British Art Network (BAN) is a Subject Specialist Network supported by the Paul Mellon Centre for Studies in British Art and Tate. It promotes curatorial research, practice, and theory within the field of British art. The network facilitates the sharing of expertise and critical debate among curators, academics, artist-researchers, conservators, and producers.

The network focuses on expanding definitions of British art, addressing complex historical truths, and communicating the public value of British art collections. Its activities aim to forge connections and provide space for critical exchange. BAN supports members working in museums, galleries, heritage settings, and educational institutions across the United Kingdom and internationally.

== History and governance ==
The network was established in 2012 by Tate to build scholarly capacity in the UK museum sector. In 2018, the Paul Mellon Centre for Studies in British Art became a partner host, leading to an expansion of activity.

The programme is overseen by a team based at Tate and the Paul Mellon Centre. It is guided by a Steering Group comprising members with diverse professional backgrounds in the field. By June 2021, the membership exceeded 1,000 individuals, including international members from the United States, Europe, India, and Australia.

== Programmes and research ==
The network organises training, workshops, and conferences, comprising two developmental streams: the Emerging Curators Group (ECG), which involves curators, freelance researchers, writers, and artists, and the Curatorial Forum.

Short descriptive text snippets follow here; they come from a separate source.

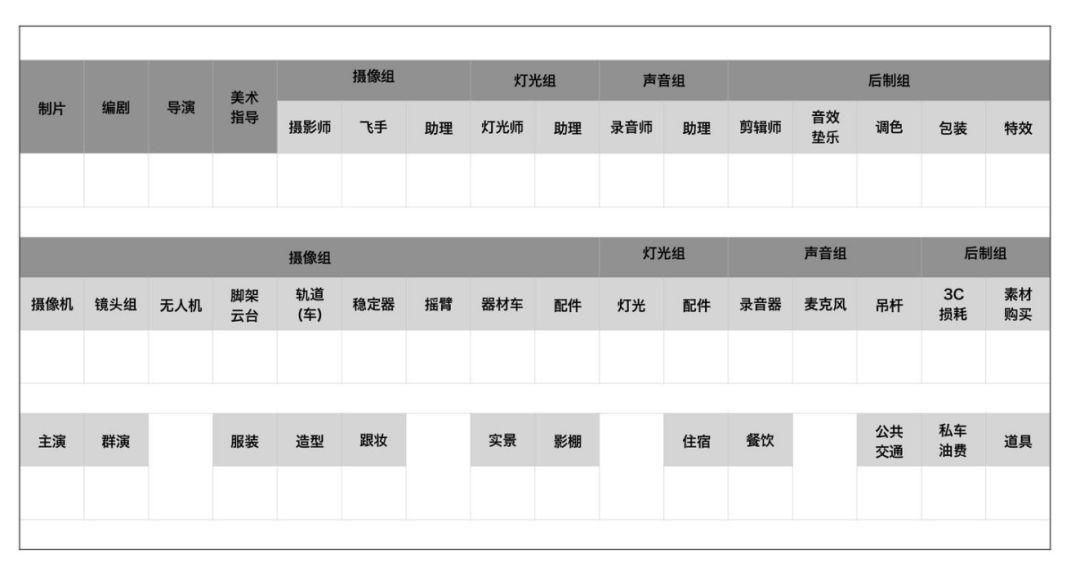 干货丨纪录片如何做选题,讲个好故事 干货丨纪录片如何做选题,讲个好故事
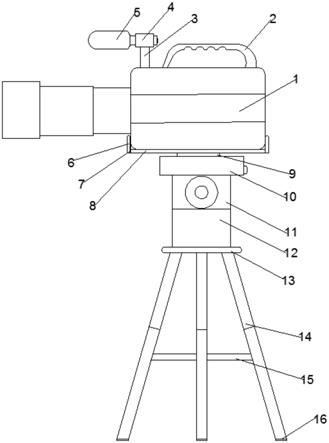 一种超大广角高清光学镜头摄像机的制作方法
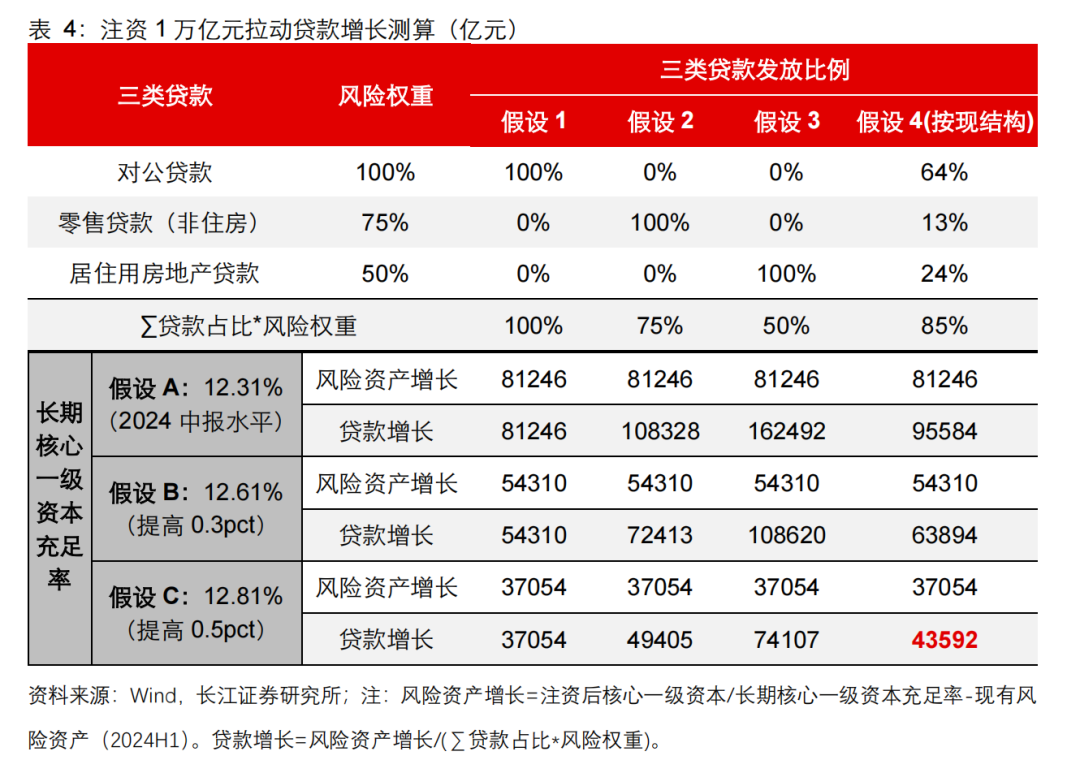 远洋集团拟将部分境内债分期款展期至8月兑付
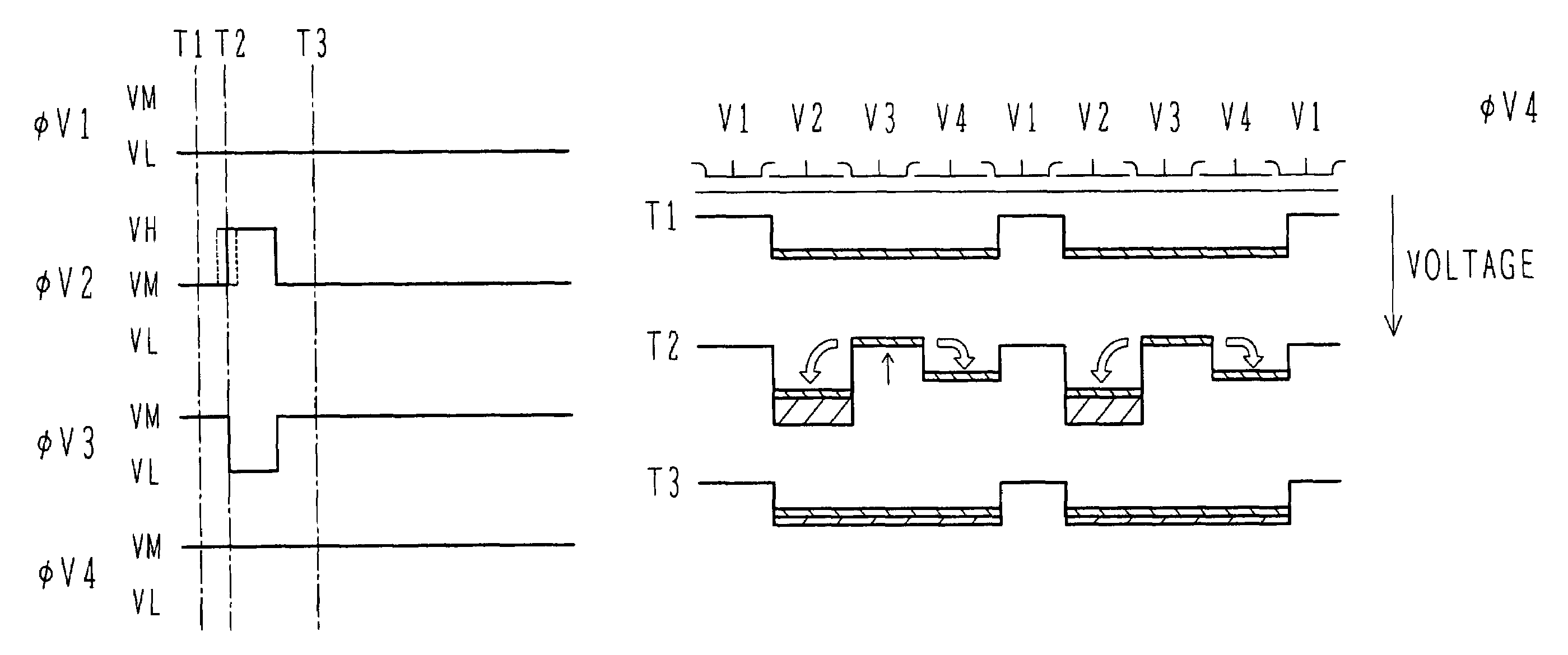 Solid state image pickup device capable of suppressing smear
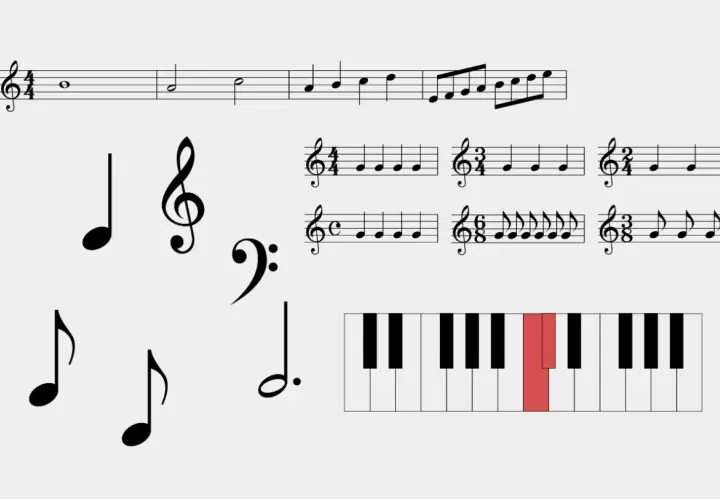 Divers symboles et noms de notes de musique, portées, et un clavier de piano avec une touche rouge.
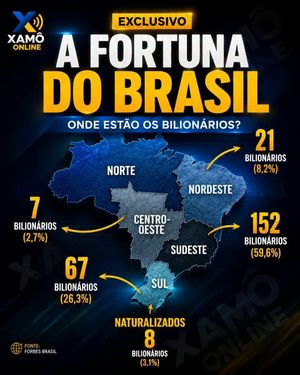 Image post by @profluizbarbosa on Instagram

Specific themes are explored through Research Groups. The 2020–21 schedule covered Working Class British Art, British South-Asian Visual Art Post-Cool Britannia, Race, Empire and the Pre-Raphaelites, Queer British Art, Black British Art, and British Landscapes.

Recent seminar series include Itinerant Imaginaries and Irish Modernisms. Additionally, the network partnered with the Understanding British Portraits and European Paintings Pre-1900 networks for the Museum Collections on Prescription: Health, Wellbeing and Inclusivity conference, and collaborated with the UAL Decolonising Arts Institute on the Curating Nation series.

== Membership and bursaries ==
Membership is free and open to individuals actively engaged in curating, researching, or interpreting British art. Members receive newsletters featuring critical essays and interviews, as well as priority access to the annual conference.

BAN provides bursaries to support research into curatorial issues. Funding covers travel, research time, seminars, workshops, and publications.